- _Assignment_
Nothing but the lines from the one holding "Pulpo a la Gallega" to the final line of the listing below, both included, should be repeated, and each must match exactly. Omit pictures.

- _Material provided_
---

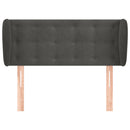 vidaXL sötétszürke bársony fejtámla szárnyakkal 93x23x78/88 cm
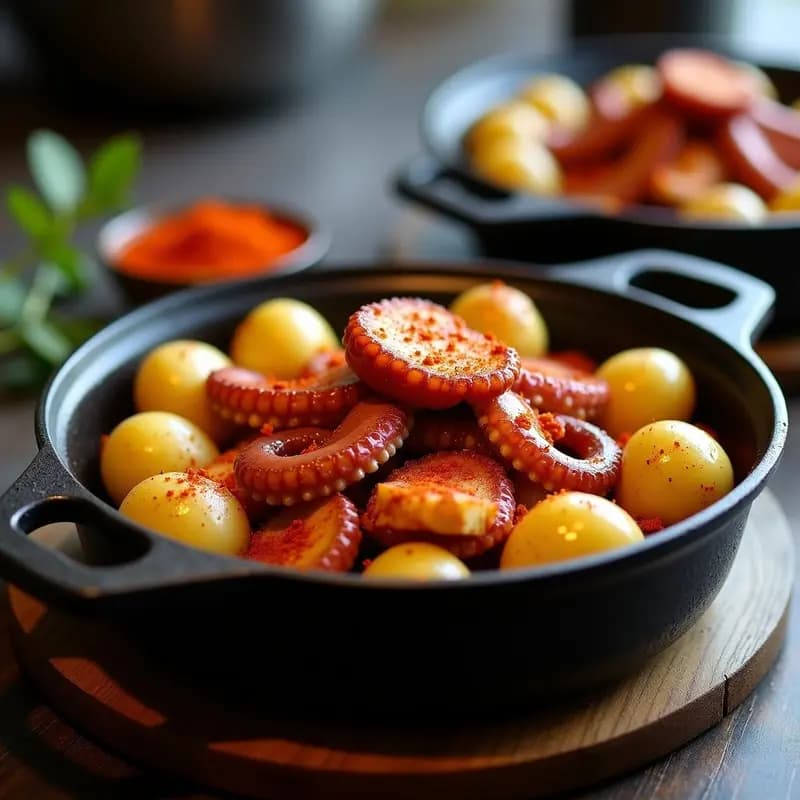 Pulpo a la Gallega con Cachelo: Receta de Feria en Cazuela de Hierro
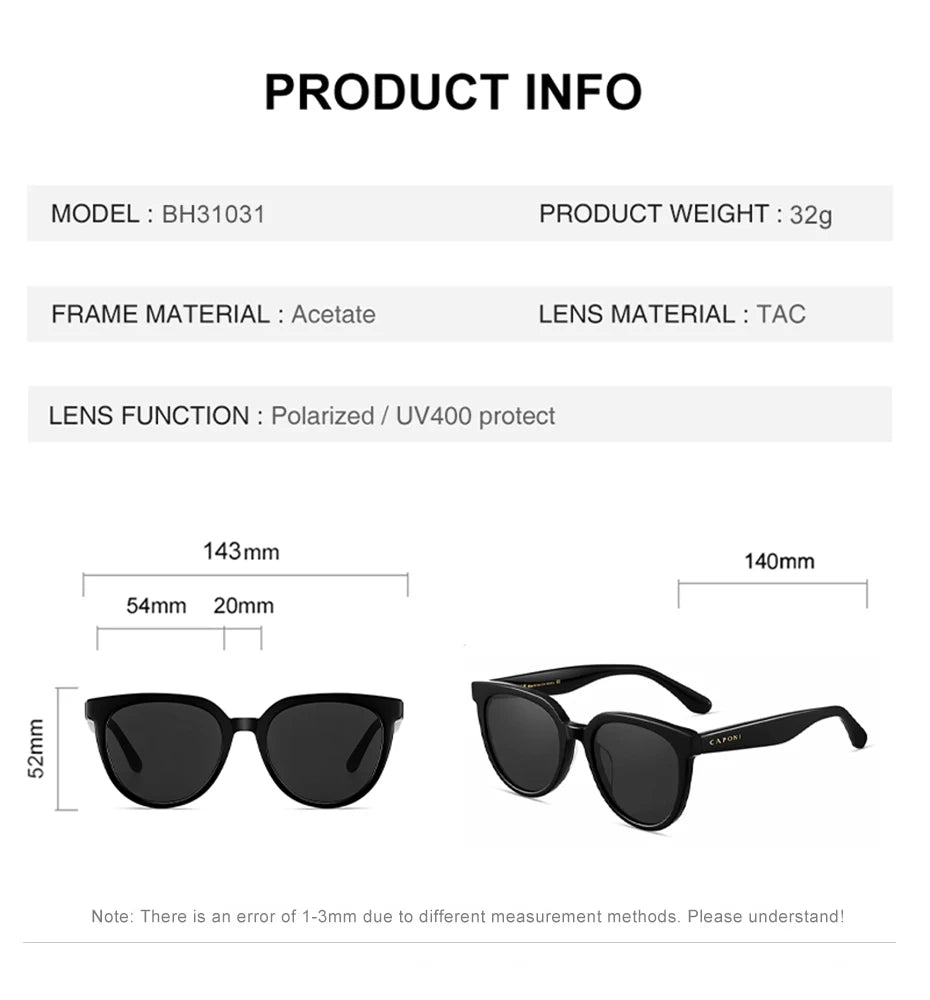 Óculos de sol de design da marca CAPONI para mulher, estilo retro, para raparigas, estilo coreano, polarizados, com proteção UV, modelo BH31031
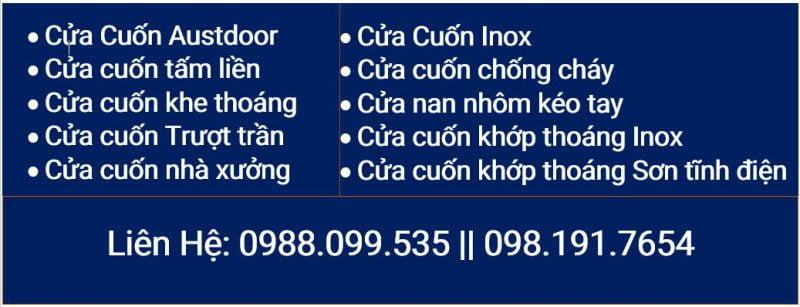 danh sách các loại cửa cuốn lắp đặt ở hưng yên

---

- _Output of the exercise_
 Pulpo a la Gallega con Cachelo: Receta de Feria en Cazuela de Hierro
 Óculos de sol de design da marca CAPONI para mulher, estilo retro, para raparigas, estilo coreano, polarizados, com proteção UV, modelo BH31031
 danh sách các loại cửa cuốn lắp đặt ở hưng yên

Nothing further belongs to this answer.